The Ebola Virus Disease (EVD) struck at the heart of Nigeria, when Dr. Ameyo Stella Adadevoh, a consultant physician, and member of the illustrious Kwaku Adadevoh/Herbert Macaulay/Bishop Samuel Ajayi Crowder lineage succumbed to the scourge of the disease.
Adadevoh contracted the virus from the Liberian, Mr. Patrick Sawyer, who imported the disease into Nigeria. Sources close to Adadevoh, 58, said she succumbed to the disease yesterday evening, having been in a coma for some days.
Adadevoh, who is survived by one son, had led the medical team at First Consultants Medical Centre, a Lagos-based hospital, which treated Sawyer on his arrival in Lagos.

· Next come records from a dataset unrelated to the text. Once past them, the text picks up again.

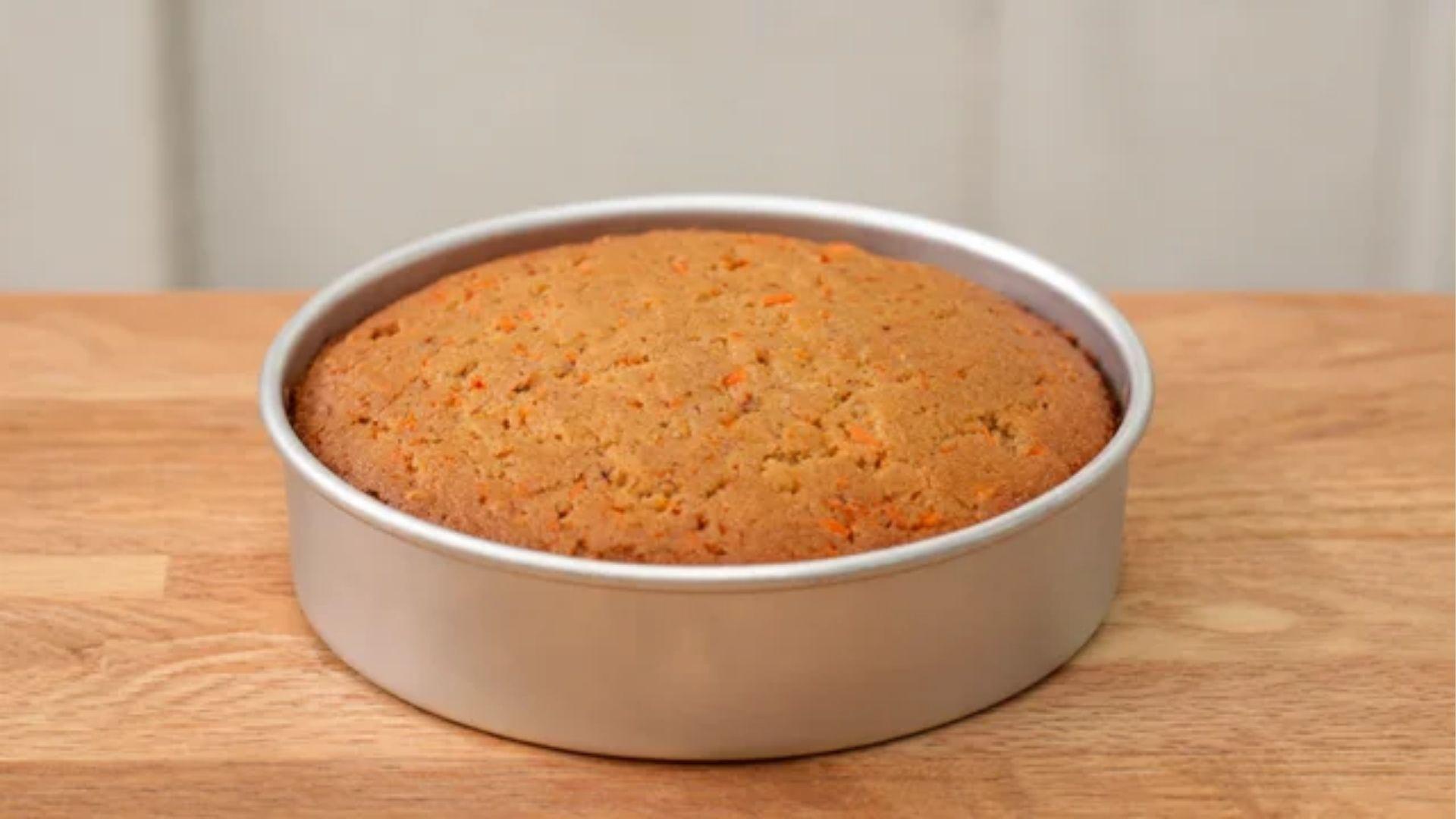Small carrot cake baked in a six-inch round cake pan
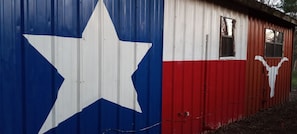 A corrugated metal building with a large white star on the left and a red and white design on the right, resembling the Texas state flag.
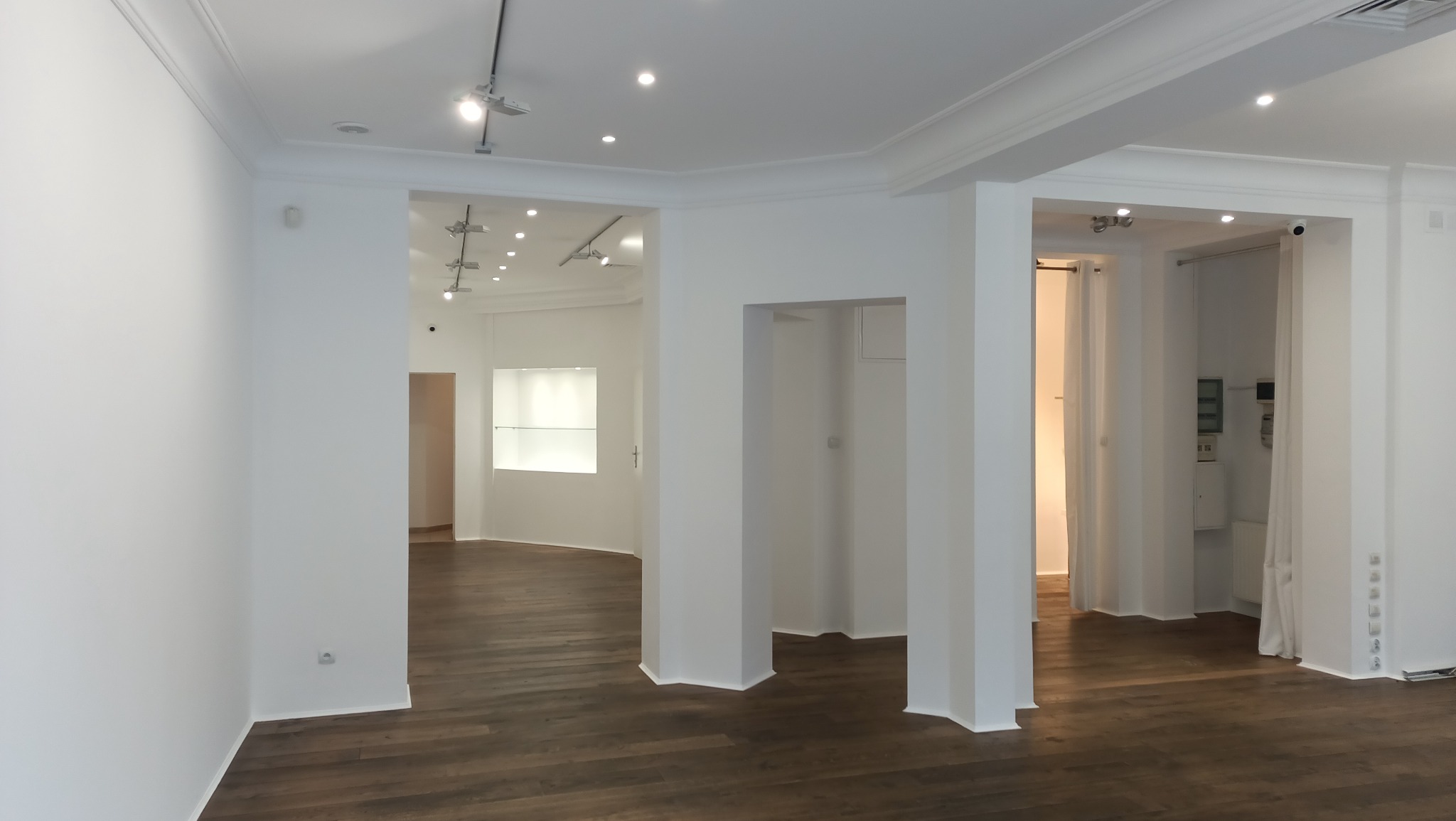 Puste, odnowione wnętrze z drewnianą podłogą, białymi ścianami, kolumnami i oświetleniem punktowym. Widoczne wejścia do innych pomieszczeń z zasłonami.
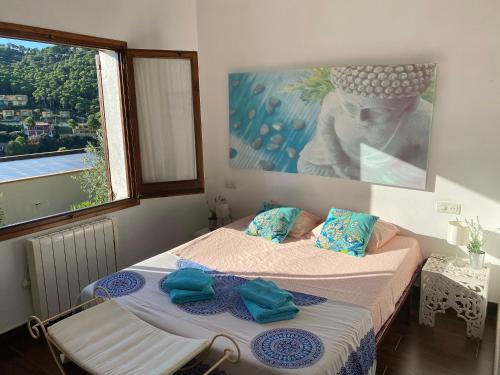 a bedroom with two beds and a large window at Villa Buda Begur in Begur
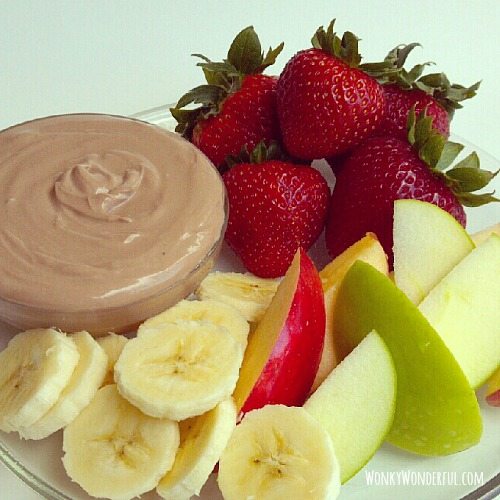 creamy nutella dip next to sliced bananas, apples and whole strawberries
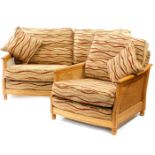 An Ercol elm and bergere two seater sofa, c2007, with wavy striped fabric cushions, 101.5cm wide,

As the head of operations at First Consultants, Adadevoh was praised for being the first to detect that Sawyer, who was admitted at First Consultants for five days before his death, was not being truthful when he denied that he was infected with the Ebola virus.
After he had tested negative for malaria and other diseases, she was said to have ordered that his blood be tested for Ebola. It was the positive result of the test that enabled the hospital to contact the Lagos State health authorities about the first Ebola patient in the country.
Her death brings to five, including the index case Sawyer, the total number of persons who have succumbed to the scourge of the disease in Nigeria.
Among those who have passed on, Adedavoh is the first doctor and the fourth Nigerian to have died from the virus. Others who died before her comprised two nurses and the ECOWAS protocol officer, Jatto Abdulqudir, who picked up an already infected Sawyer from the Murtala Muhammad International Airport (MMIA), Lagos.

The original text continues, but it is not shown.